*Exercise requirements*. Return the listing below unchanged, minus its pictures.

*Supplied information*.
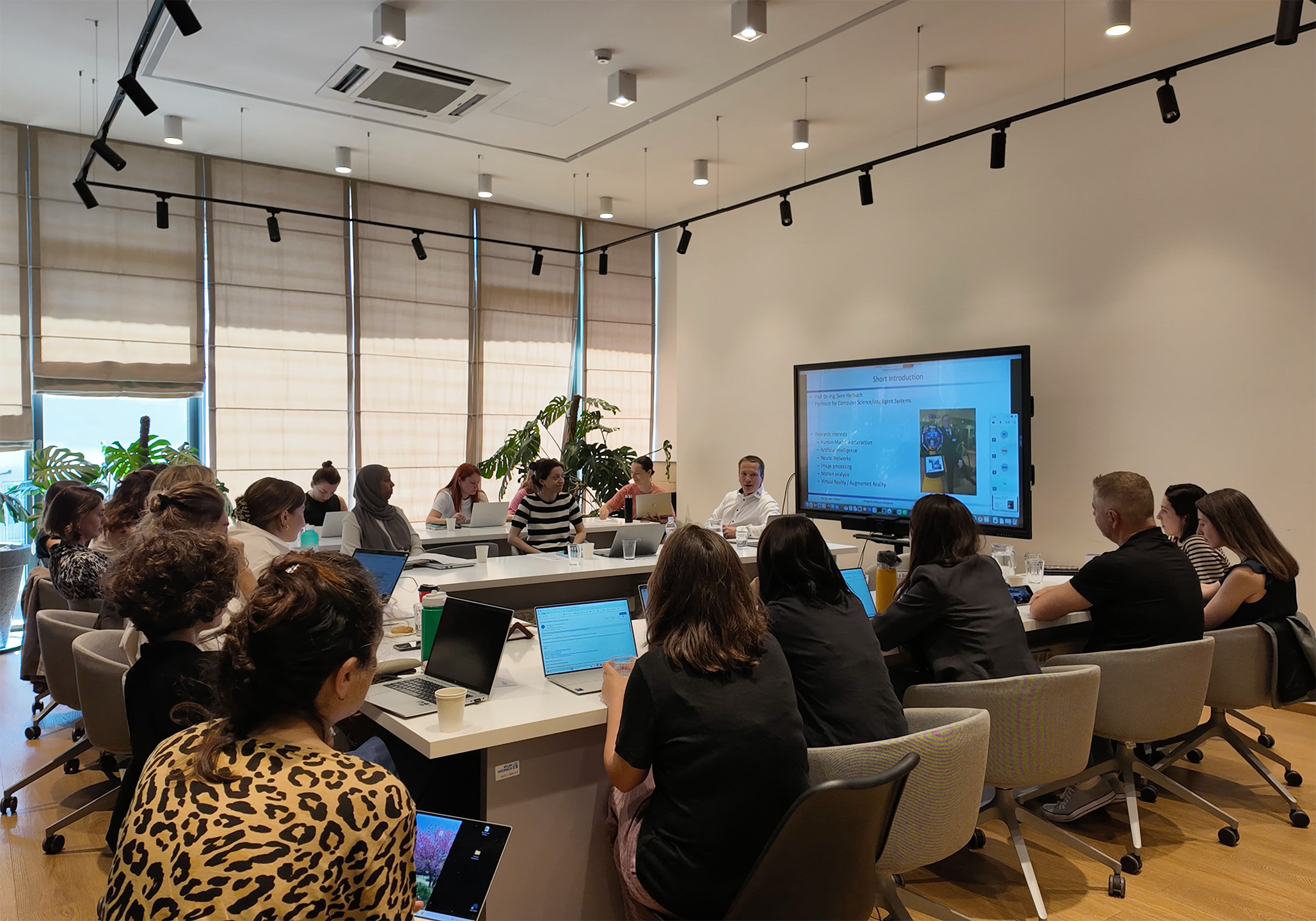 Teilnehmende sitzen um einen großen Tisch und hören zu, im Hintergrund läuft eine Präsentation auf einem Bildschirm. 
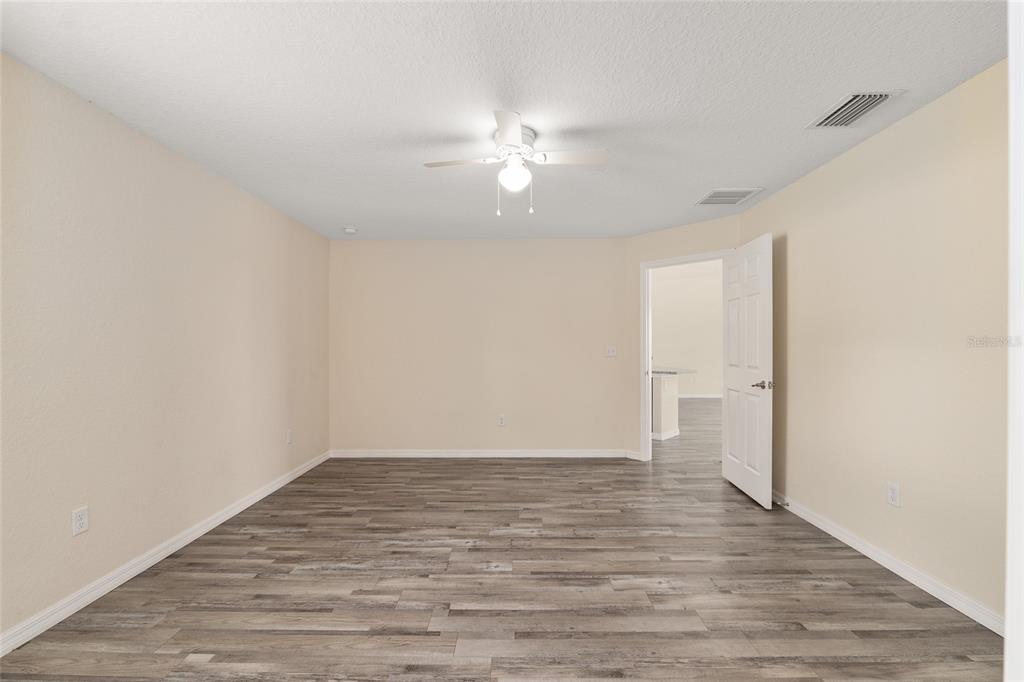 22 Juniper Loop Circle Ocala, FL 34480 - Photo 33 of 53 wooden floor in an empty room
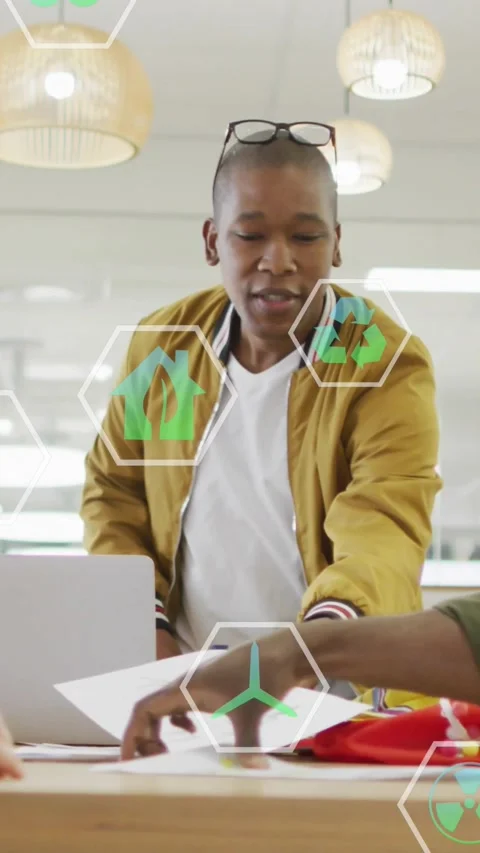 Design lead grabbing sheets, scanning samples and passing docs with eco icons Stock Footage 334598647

*Solution to this problem*.
 Teilnehmende sitzen um einen großen Tisch und hören zu, im Hintergrund läuft eine Präsentation auf einem Bildschirm. 
 22 Juniper Loop Circle Ocala, FL 34480 - Photo 33 of 53 wooden floor in an empty room
 Design lead grabbing sheets, scanning samples and passing docs with eco icons Stock Footage 334598647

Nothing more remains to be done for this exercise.